Graph neural networks informed locally by thermodynamics

TL;DR

This paper introduces a local thermodynamics-informed approach for graph neural networks that maintains their structure, improves computational efficiency, and enhances generalization in solid and fluid mechanics applications.

Contribution

A novel local metriplectic bias for graph neural networks that avoids global matrix assembly, preserving local structure and improving efficiency.

Findings

Significant computational efficiency gains.

Strong generalization to unseen examples.

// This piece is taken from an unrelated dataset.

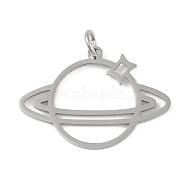 Non-Tarnish 304 Stainless Steel Pendants, with Jump Ring, Laser Cut, Planet Charms, Stainless Steel Color, 18x26x1mm, Hole: 3.2mm(STAS-L279-036P)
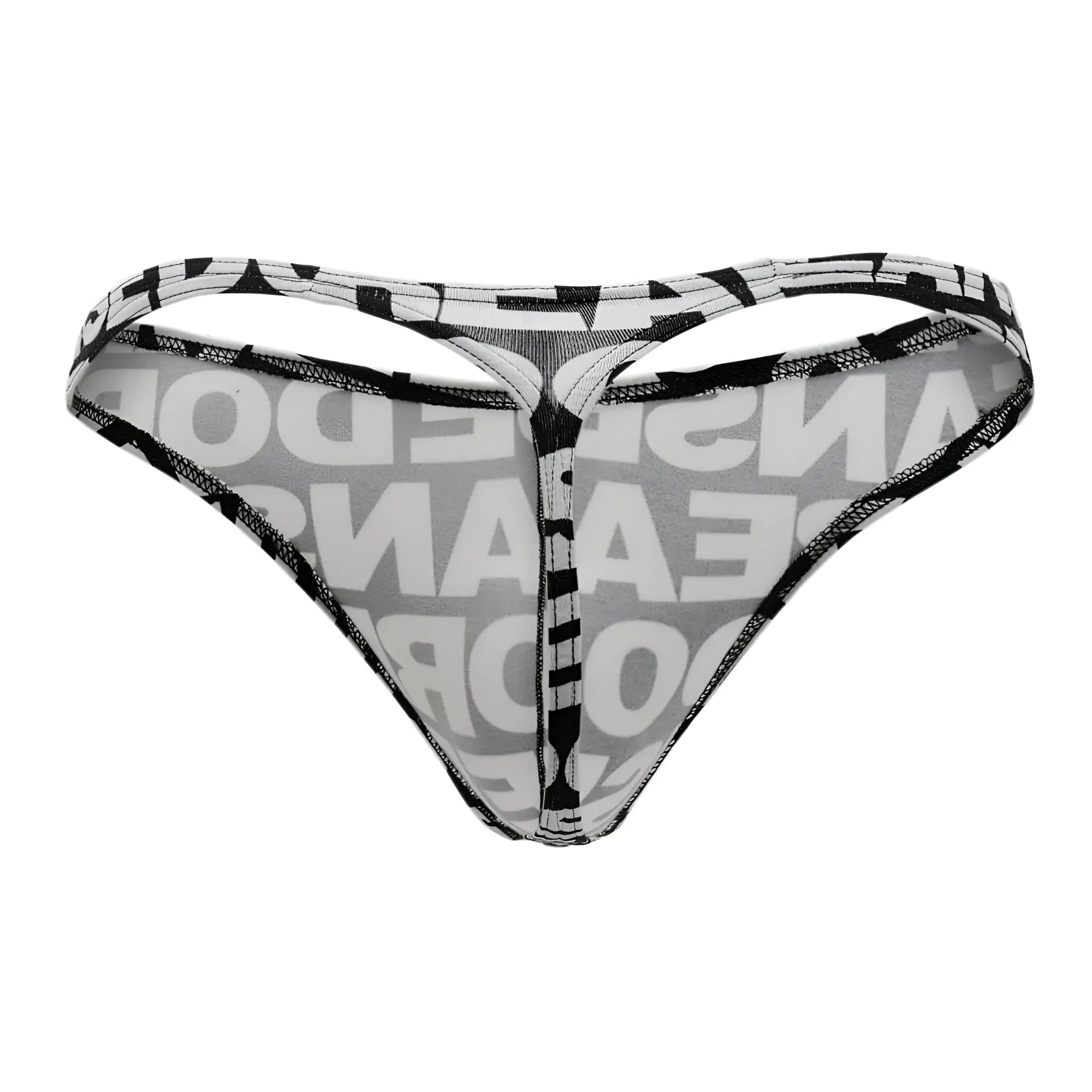 Black and white patterned Doreanse 1369-PRN big logo thong with bold mirrored text design front side view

Accurate inferences in solid and fluid mechanics.

Abstract

Thermodynamics-informed neural networks employ inductive biases for the enforcement of the first and second principles of thermodynamics. To construct these biases, a metriplectic evolution of the system is assumed. This provides excellent results, when compared to uninformed, black box networks. While the degree of accuracy can be increased in one or two orders of magnitude, in the case of graph networks, this requires assembling global Poisson and dissipation matrices, which breaks the local structure of such networks. In order to avoid this drawback, a local version of the metriplectic biases has been developed in this work, which avoids the aforementioned matrix assembly, thus preserving the node-by-node structure of the graph networks. We apply this framework for examples in the fields of solid and fluid mechanics. Our approach demonstrates significant computational efficiency and strong generalization capabilities, accurately making inferences on examples significantly different from those encountered during training.